Although she said the furthest she ever got for her deployment was Virginia for the Boy Scout Jamboree, she still learned many important lessons throughout her time in the Army. When talking about shooting and weaponry, Dr. Kachorsky said that “having that skill is something that I’m glad I know how to do because I have the respect now for firearms that I don’t think that everyone does.”
After her time in the reserves, Dr. Kachorsky became a qualitative research assistant and a Teacher of Record at Arizona State University in order to acquire a Ph.D. She received her Ph.D. in Learning Literacies and Technology in 2018.
Although she has completed enough research to earn her doctorate, Dr. Kachorsky still has some ongoing research projects.

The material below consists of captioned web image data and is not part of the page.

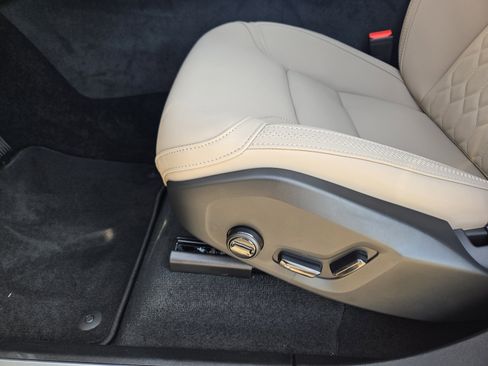 New 2026 Volvo XC90 B5 Plus image 26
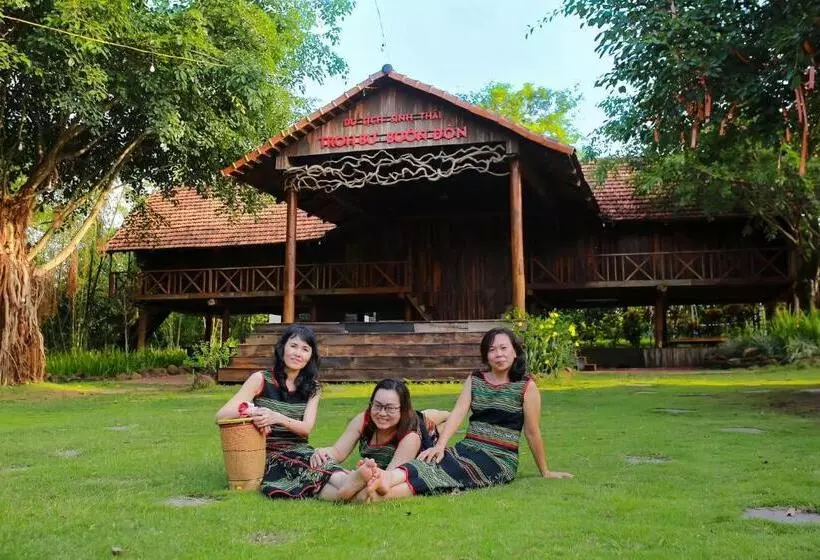 هتل Troh Bư S Bungalows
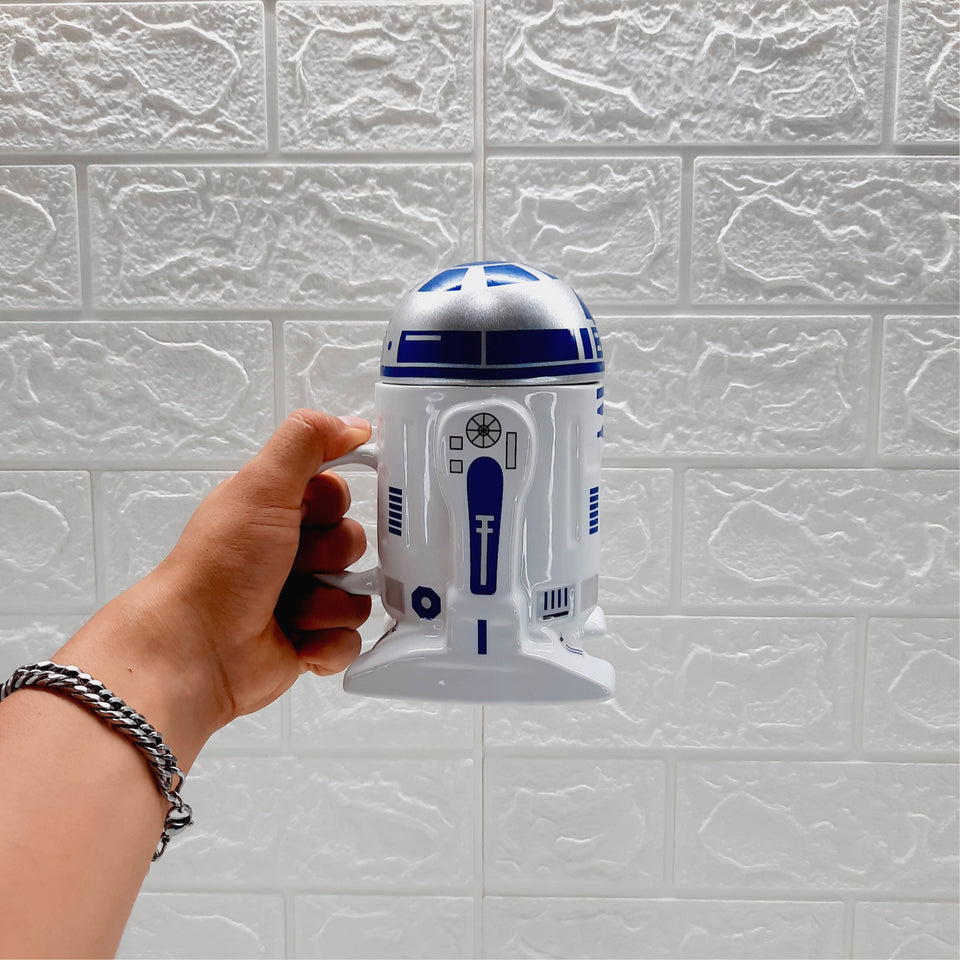 R2 D2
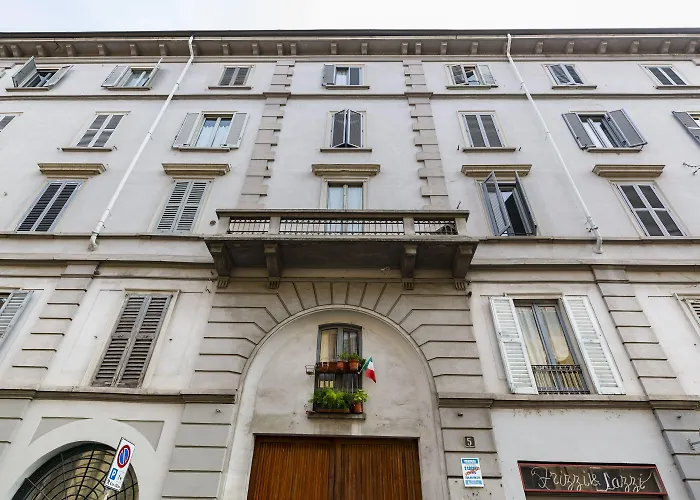 Pit Stop - Navigli * Milão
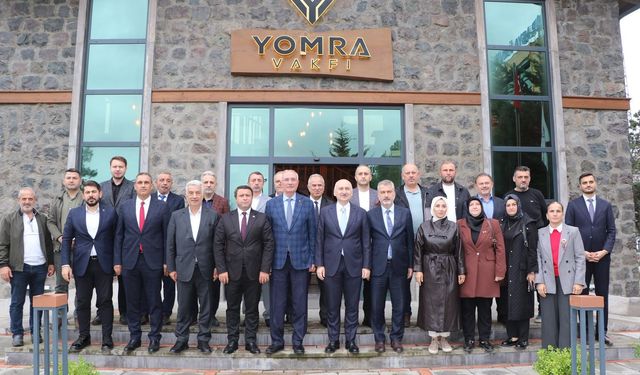 AK PARTİ YOMRA’YA ÇIKARMA YAPTI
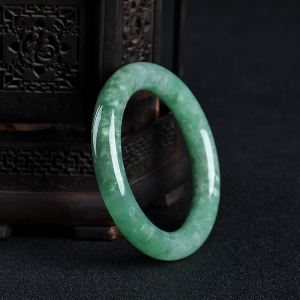 53mm豆种深绿翡翠圆镯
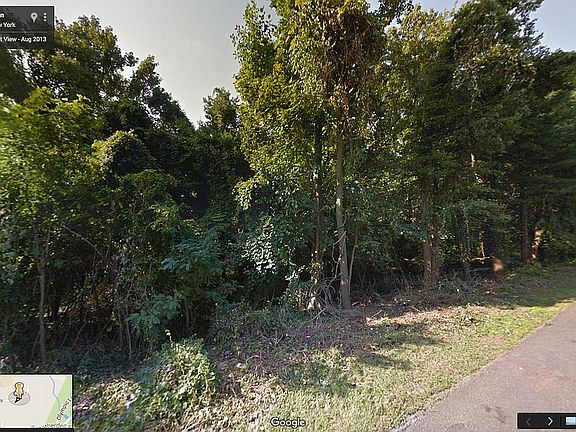 2nd image of 13 Dellwood Ln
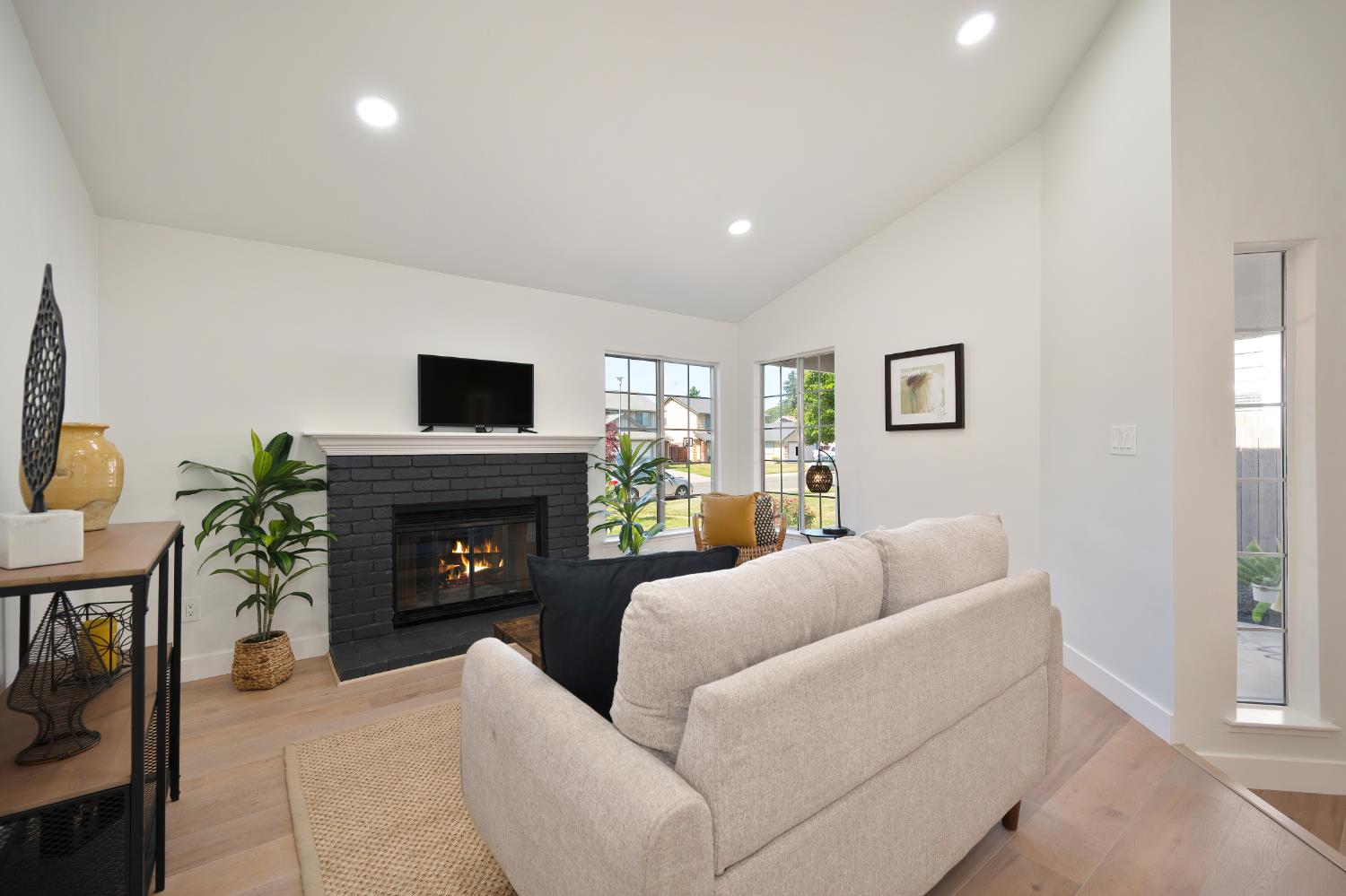 6121 Ebonywood Court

These projects include looking at representations of math in graphic novels and how teachers can leverage that to teach math, analyzing audiobook adaptations of graphic novels which will be presented at a Literacy Research Association Conference and she is also involved in a study on representations of diverse individuals in picture books and how kids respond to diversity.
“A lot of the things that I do are based on research that I learned at ASU and research that I have done myself,” Dr. Kachorsky said.
She plans to continue her research as she teaches at Brophy. “I’d love to do projects with [students] and come up with our own ideas and see which practices work best,” Kachorsky said.
At ASU, Dr. Kachorsky taught Children’s Literature and Content Area Reading. Now, she teaches AP English Literature and Composition to seniors and English 2 to sophomores.
Even though her career path took multiple different trajectories, she says she is in the right place now. The biggest lesson that Dr. Kachorsky has learned throughout her life is that “if you just take things one day at a time, you can get through it.”
Outside of the classroom, Dr. Kachorsky enjoys trying new restaurants, playing Dungeons and Dragons and is overall a “huge nerd.”
Dr. Kachorsky said that teaching truly is one of her biggest passions. “That’s one of the things that when you become a researcher…you are pursuing your passion.”